Lower bounds for random permutations

In order to do this, we’re going to say that we’re going to use the attacker as an oracle. We’re going to start with 1, then do f(1) and f(f(1)) oh sorry we’re going to say that we want to invert 1, and this is going to take up to T queries, so we assume the attacker does a whole bunch of queries, we’re going to write down all the queries that the attacker did, and at some point they are actually going to ask for the thing that is the thing that one inverts, and now we’re going to compress this and say that this thing is 1. We don’t have to express that full thing. Now we’re going to move on to the next thing, we skip over the queries that the attacker already made, we start with 4 here, and so on, and this is going to be at least N/T invocations because you’re not making more than T queries each time. We as part of our encoding we have to copy all of our answers to these things verbaitm, we can compress down these ones, and because we pulled out N/T bits this means S * T has to be greater than or equal to N and we have proven the limit that we wanted in the first place.

Compressing gf

If we’re doing it for gf(x) then we do a slightly more complicated thing that is really in two places. Either, the attacker makes less than square root of T queries, or greater than square root of T queries. In practice, the attacker might mix and match it, and not do the same thing every single time. The full proof is more complicated.

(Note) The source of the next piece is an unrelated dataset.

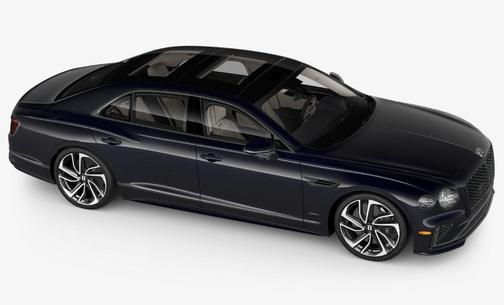 2025 Bentley Flying Spur Speed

If they make less than square root of T queries, we can make the same argument that we made before, just on compressing g using ST >= N. And if they make greater than the square root of T queries then because– every time they do an x and x prime, we can compress the x prime by saying that’s the same as the x that we said before but flipped and this ends up hitting the same limit.

Proof-of-space based on gf

In practice, the way that you actually implement this is that the verifier and the prover– the verifier communicates gf and gamma to the prover. The prover then makes their function table so first they do a pass of finding all of their f values and then they pair up the things that are in pairs of gamma from each other and then they take the g of those two things and then they sort by that so that was a linear time log n in order for them to do because it was just sorting… and then the verifier sends an index to the prover that they want, and the prover responds with the appropriate x and x prime such that g(x, x prime) is y. And there’s a specific construction for that.

This new construction is much more practical and simple than the older ones and it has nice things on it. The k can be increased by doing this iterative labor, g on top of g on top of g.

That’s it.


Q: f is random permutation. what is g?

A: g is a random function on two values in the domain. You just hash them together basically.